Using a heat gun set at a fairly low temperature (130°C) I warmed up two modules at a time (the other two modules are under the rear cover, as my laptop has four SODIMM slots total). Playing around with module order, I found three additional weak bits only detectable at elevated temperature, and they were spread around three of my RAM sticks.

I also found that the location of the errors stayed roughly consistent even as I swapped modules around: the top bits of the address remained the same. This is because the RAM is interleaved: data is spread over all four sticks, instead of each stick being assigned a contiguous quarter of the available address space. This is convenient, because I can just mask a region of RAM large enough to cover all possible addresses for each error bit, and not have to worry that I might swap sticks in the future and mess up the masking. I found that masking a contiguous 128KiB area should cover all possible permutations of addresses for each given bad bit, but, for good measure, I rounded up to 1MiB. This gave me three 1MiB aligned blocks to mask out (one of them covers two of the bad bits, for a total of four bad bits I wanted masked):

0x36a700000 – 0x36a7fffff
0x460e00000 – 0x460efffff
0x4ea000000 – 0x4ea0fffff

This can be specified using the address/mask syntax required by GRUB as follows, in /etc/default/grub:

GRUB_BADRAM="0x36a700000,0xfffffffffff00000,0x460e00000,0xfffffffffff00000,0x4ea000000,0xfffffffffff00000"

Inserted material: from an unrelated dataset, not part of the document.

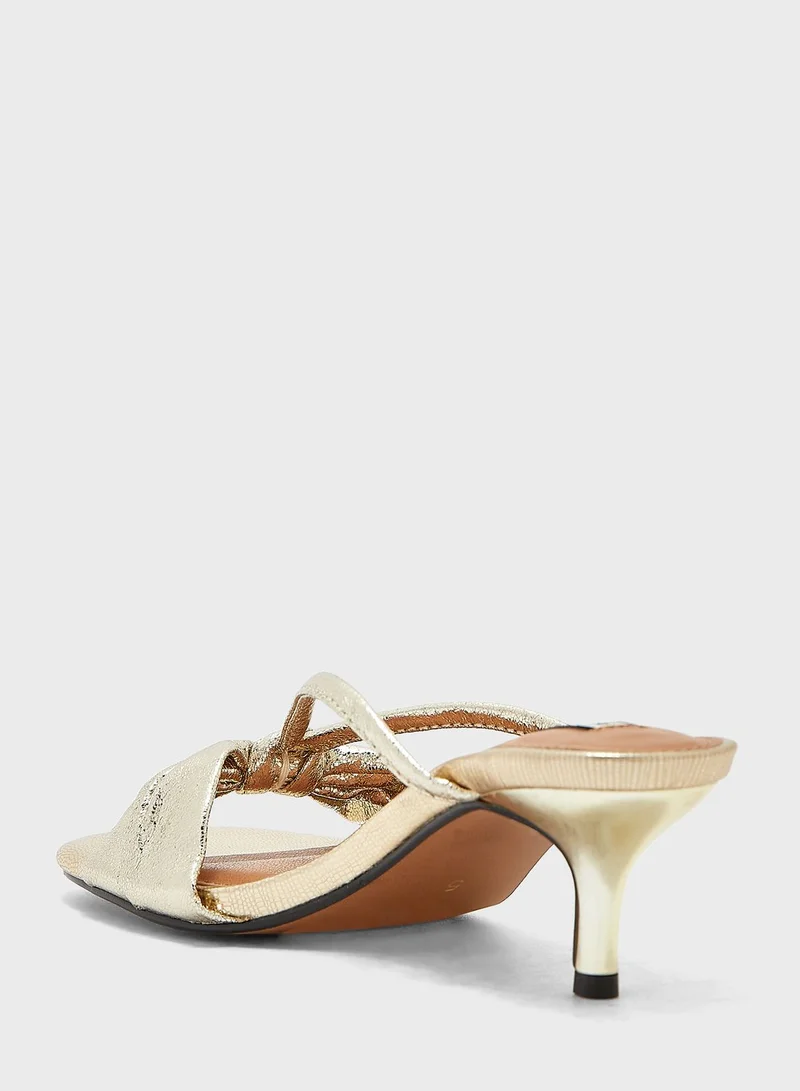 RIVER ISLAND Kitten Heel Bow Mule Sandals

One quick grub-mkconfig later, I am down 3MiB of RAM and four dodgy bits with it. It’s not ECC RAM, but this should increase the effective reliability of my consumer-grade RAM, since now I know the rest of the memory is fine up to at least 100°C.

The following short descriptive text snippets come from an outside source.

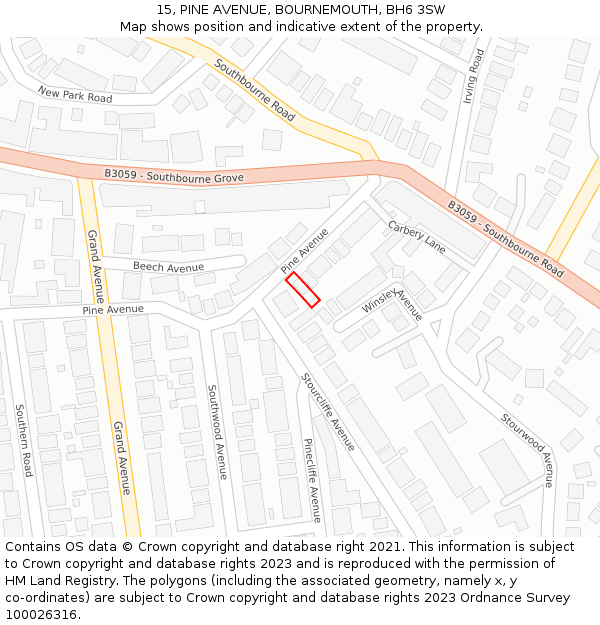 15, PINE AVENUE, BOURNEMOUTH, BH6 3SW: Location map and indicative extent of plot
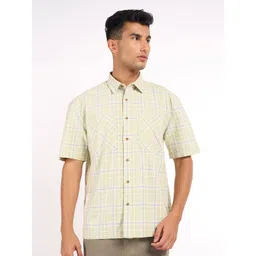 7 Alt by Pantaloons Men Tartan Checks Solid Casual Oversized Regular Shirt-picture-17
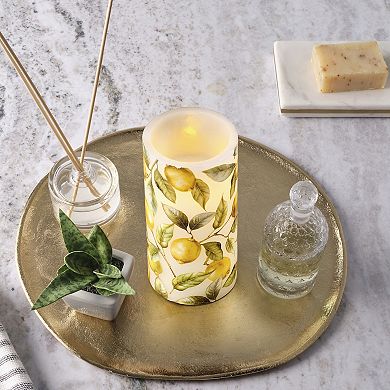 Mikasa LED Wax Pillar Candle with Lemon Decal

Needless to say, node_exporter still crashed, but we knew this wasn’t the real problem, didn’t we.

Digging deeper

The annoying thing about this kind of bug is that it clearly is caused by some kind of memory corruption that breaks code that runs later. This makes it very hard to debug, because we can’t predict what will be corrupted (it varies), and we can’t catch the bad code in the act of doing so.

First I tried some basic bisecting of available node_exporter releases and enabling/disabling different collectors, but that went nowhere. I also tried running an instance under strace. This seemed to stop the crashes, which strongly points to a race-condition kind of problem. strace will usually wind up serializing execution of apps to some extent, by intercepting all system calls run by all threads. I would later find that the strace instance crashed too, but it took much longer to do so. Since this seemed to be related to concurrency, I tried setting GOMAXPROCS=1, which tells Go to only use a single OS-level thread to run Go code. This also stopped the crashes, again pointing strongly to a concurrency issue.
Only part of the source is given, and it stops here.